見終わって、「え、何これ」と言うような、放り出されたような感覚を覚えました。驚いたことに、どうも、この『ソルト』は、連作ものの第一弾だったようです。予告でも雑誌記事などでも、そのようなことに一切気づいていなかったので(書かれていなかった可能性が高いように思いますが)、その中途半端な終わり方に、あっけに取られました。

「ソルト」と言う変な名字の主人公は、二重スパイです。それも、ロシア側からのアメリカ合衆国を崩壊させるとんでもない大規模な“攻撃”を行なうために、十年以上の以前から、仕込まれている工作員中の工作員というような存在です。ところが、この工作員の女性が、最初はスパイ活動の一環で近づいた一般人の男性と恋に落ち、結婚生活までも送ることになります。それで、十年以上の時を経て、“攻撃”の日が訪れた時に、彼女の(組織側から見てその時点では不確かな)裏切りが、計画の邪魔にならないように、夫は人質に取られ、結果的に彼女の眼前で銃殺されてしまいます。

この仕組まれていた“攻撃”の計画は、なかなか凄いものです。
●訪米中のロシア大統領をロシア側工作員が暗殺し、米露関係を急激に悪化させる。
●核発射の用意をする米大統領を暗殺する。
●核発射の照準をイスラム圏に変更し、イスラム諸国との全面戦争にも突入させる。

といったものです。

どうも、ソルトは、愛ゆえにこんな計画に加担するのは止めようと思うだけでなく、愛する人との生活を守るためにも、この計画を妨害して中止させようと、もともと思っていた様子です。で、計画の妨害には一応成功しますが、最愛の夫を殺されてしまうことになります。

愛ゆえに使命を捨て、愛ゆえに組織を裏切り、愛ゆえに組織と敵対することを選ぶ、そんな典型的「血迷った天才的裏切り者」のストーリーが展開します。展開するのですが、TVアニメの『デビルマン』から始まり、新しくは(マット・デイモンがあまり好きではないので、偶然国際線の飛行機で一時間少々垣間見たことがあるだけの)『ボーン…』シリーズなど非常によくある話です。一応、あまり例がないという観点でみると、主人公が女性と言うことかもしれませんが、敢えて言うと、それだけです。

追跡劇、徒手空拳のような胸のすく反撃、組織側の狼狽などと言った典型的場面の演出には、『ボーン…』シリーズより少々劣るかと言ったぐらいの魅力が一応あります。
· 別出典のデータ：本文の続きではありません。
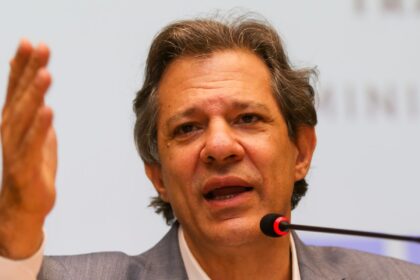 Haddad quer união internacional para taxar super-ricos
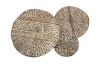 Metal Lotus Wall Art Assorted Colors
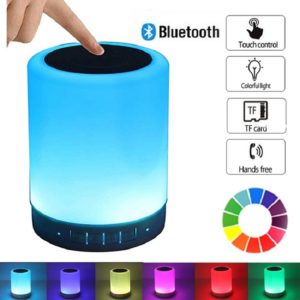 RGB Speaker, Speaker, LED Speaker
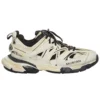 Baskets de course « Blanc Noir » 542436W1GC49010
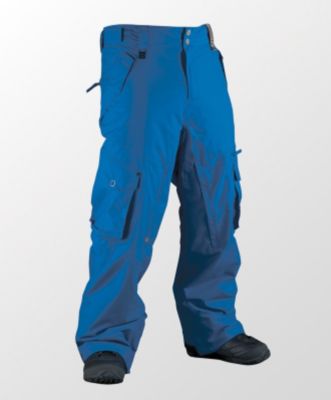 Men's Broad Pant - Blue
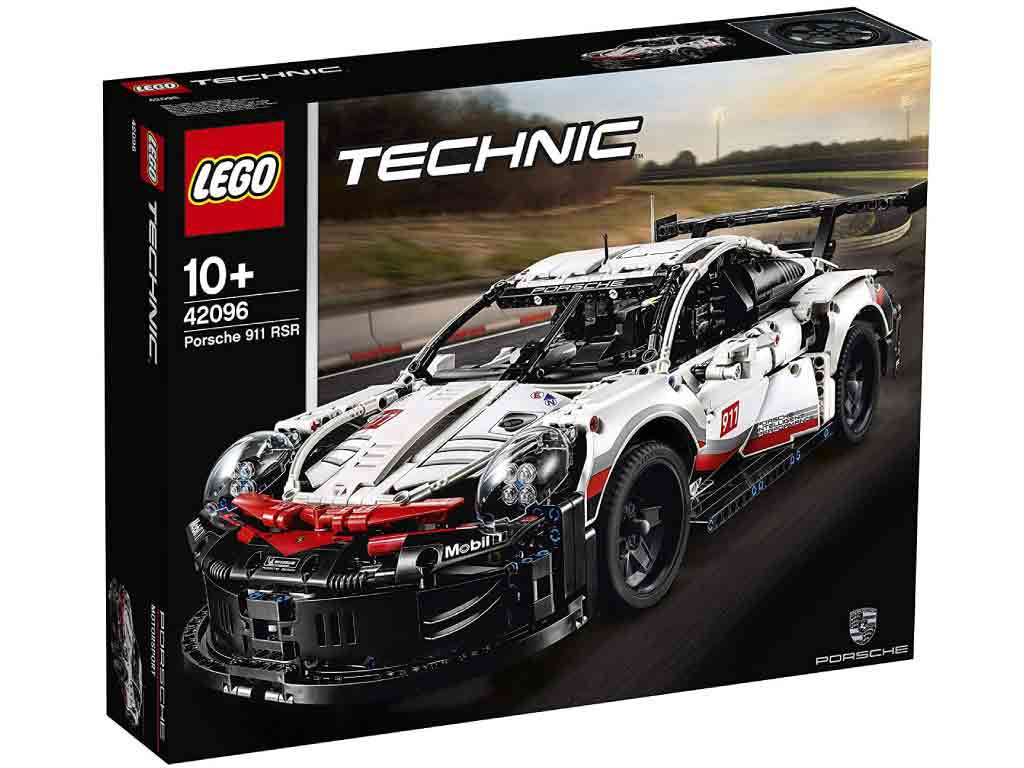 【新品】(税込価格) レゴ(LEGO) テクニック ポルシェ911 RSR 42096 (10 ) PORSCHE【レゴブロック】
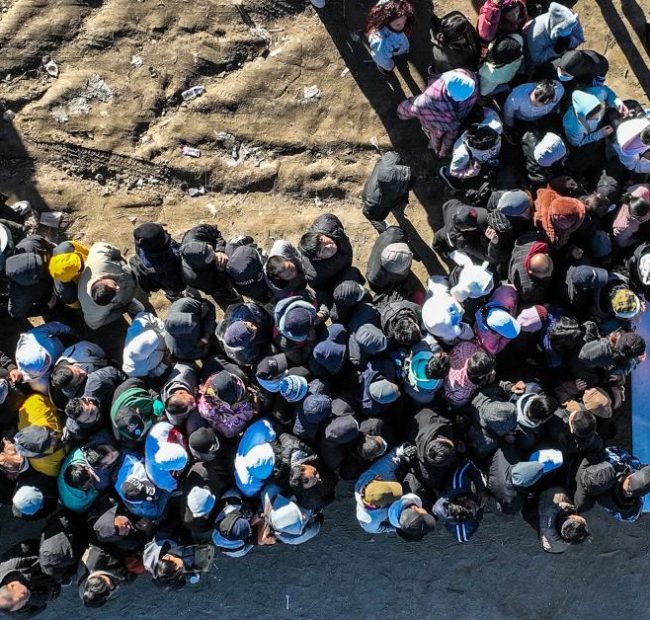 Republicans compare Trump record on immigration enforcement with Biden admin’s ahead of midterms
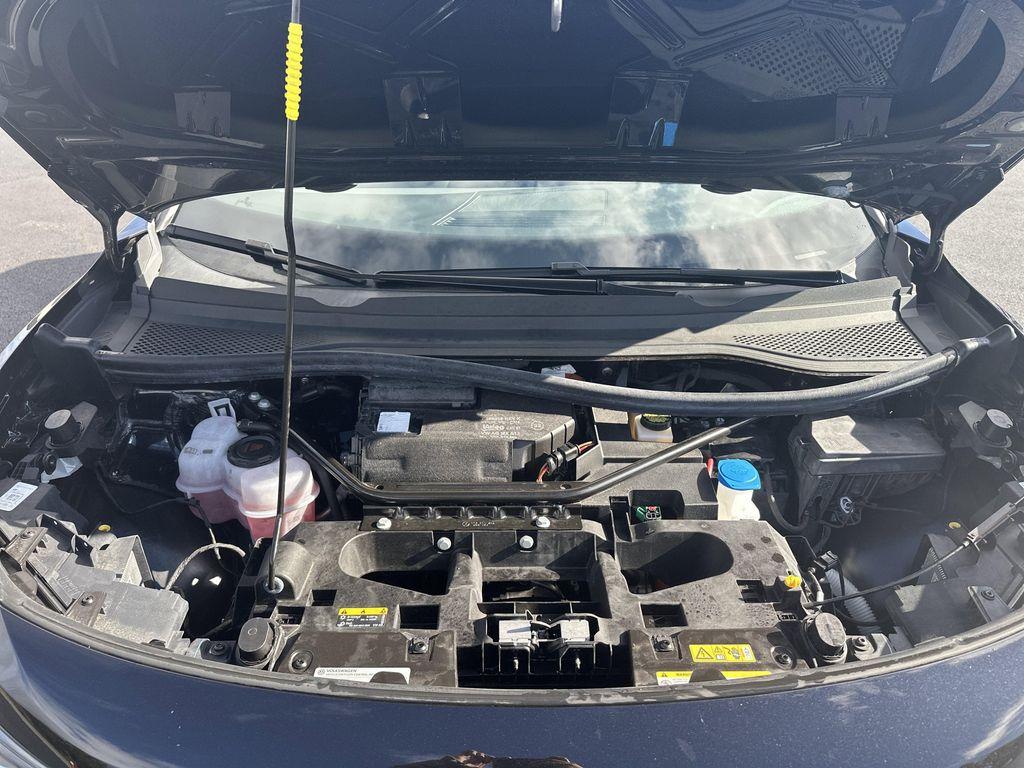 used 2023 Volkswagen ID.4 car, priced at $23,362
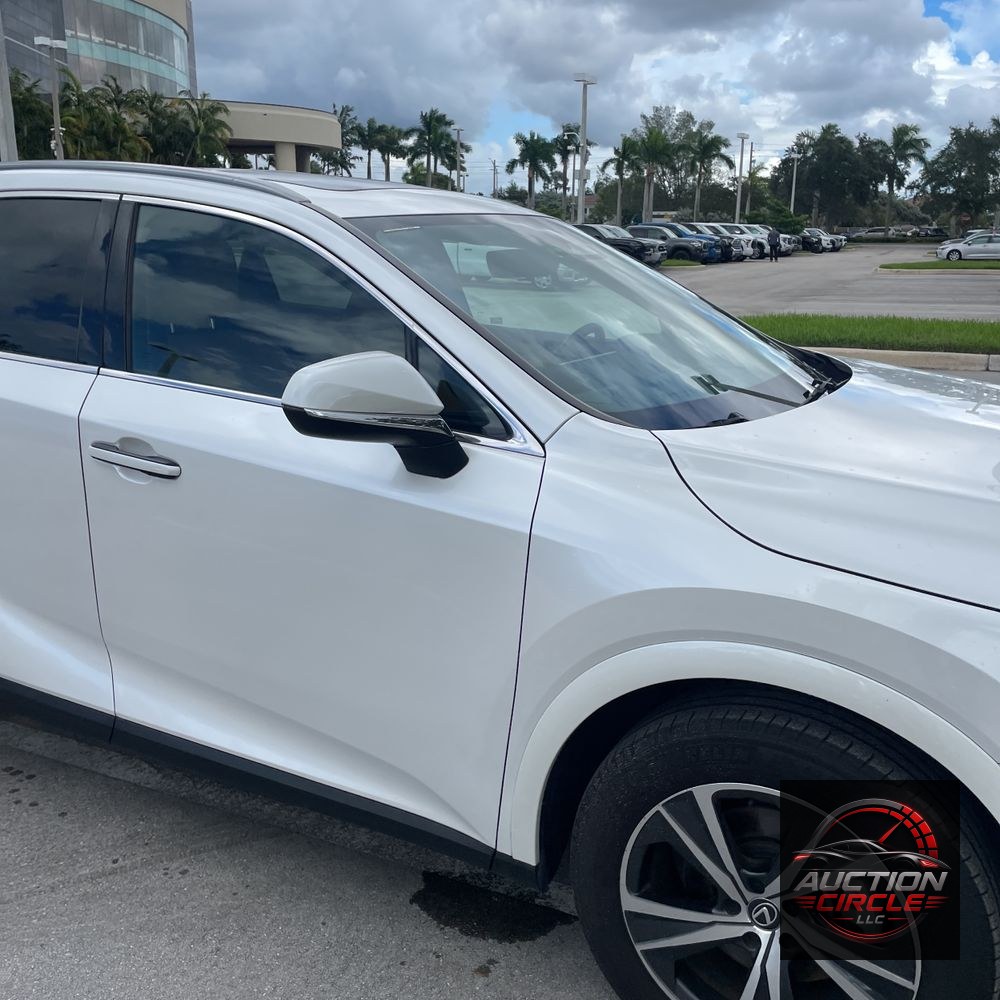 2023 Lexus RX 350 Premium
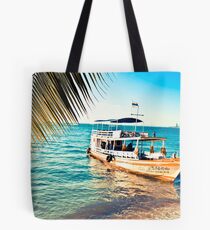 Pattaya Beach - Thailand Tote Bag
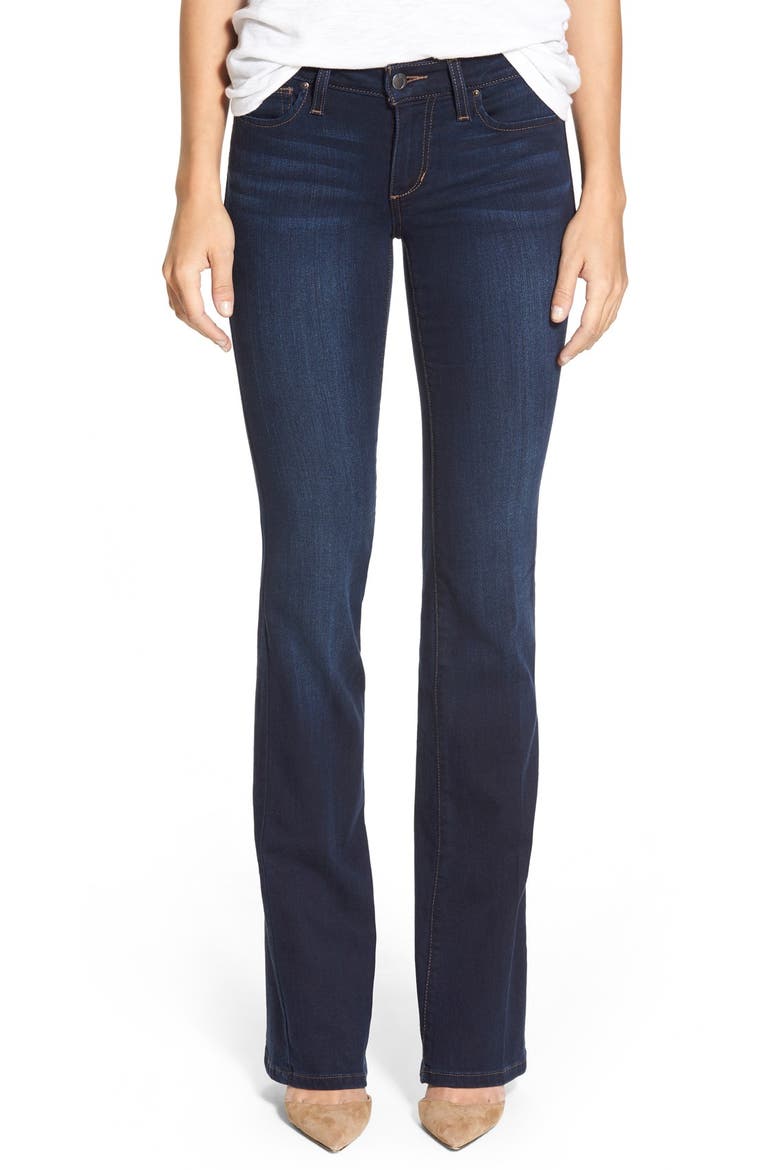 'Flawless - Vixen' Bootcut Jeans, Main, color, CECILY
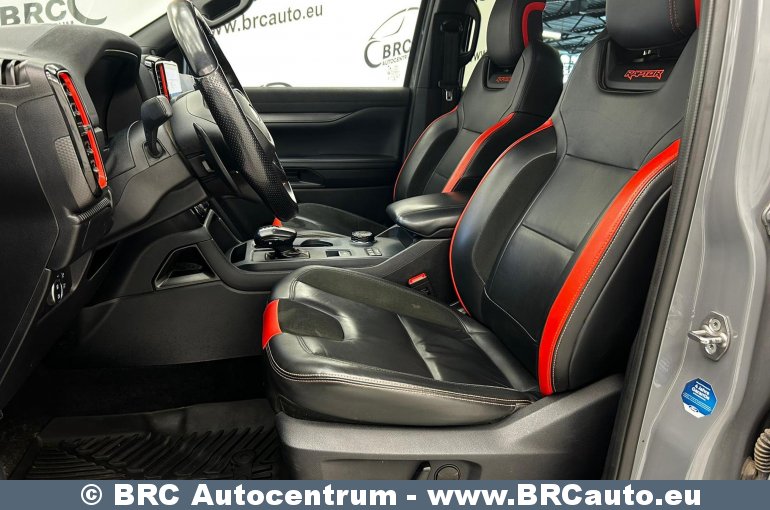 Ford Ranger 3.0 RAPTOR Automatas 2022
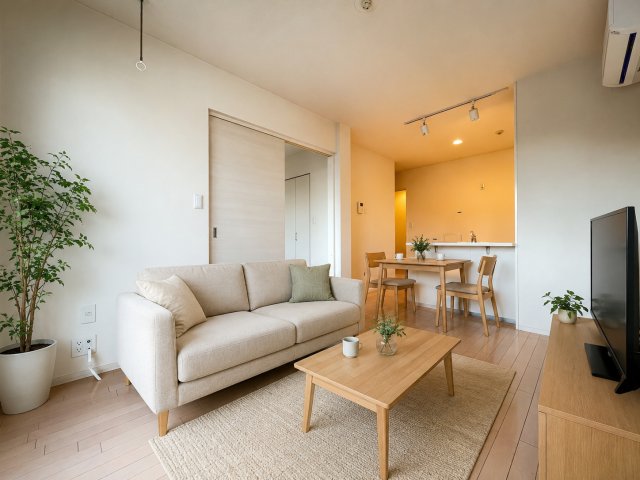 その他部屋・スペース　家具配置のイメージです。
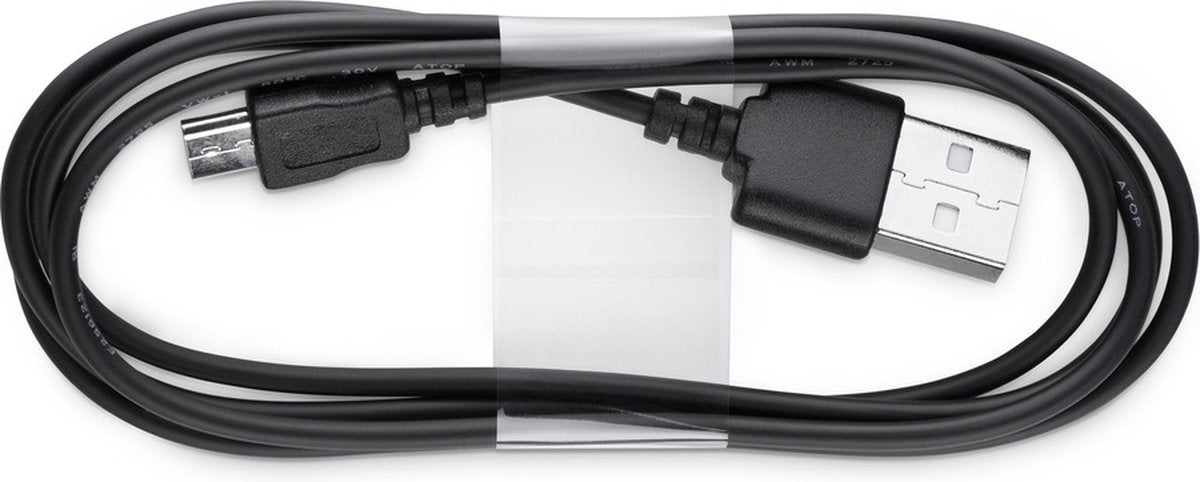 Wacom ack42206 usb-kabel 2 m usb 2.0 usb a micro-usb a zwart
『トゥームレイダー』や『ウォンテッド』に比べると、人間臭い戦いを展開するアンジェリーナ・ジョリーに好感が持てる人もいるのではないかと思いますが、それでも尚、「まあ、それだけだよなぁ」と思える程度です。

見ているときはそれなりに楽しめますが、あまりにも当たり前の展開に、見終わって記憶に蘇るような場面がありませんでした。ソルトの感情描写が全くもって浅いことであるのかもしれません。何が原因であるのかさえよく分かりませんが、何にせよ、印象の薄い作品です。おまけに、こんな調子の一本目は短い時間でやめておいて、二本目に引っ張るのかと思うと、ゲンナリします。DVDを入手することも、レンタルすることさえ、ないと思います。

追記:
『ディファイアンス』や『ウルヴァリン: X-MEN ZERO』に出ていた兄貴役の好きな男優がまたここにも登場し、結構いい演技を見せていました。劇中、彼も二重スパイで、ロシアのそのスパイ組織は同志をシスターだのブラザーだの呼び合っています。これほど兄貴役にこだわる男優も珍しいものと思います。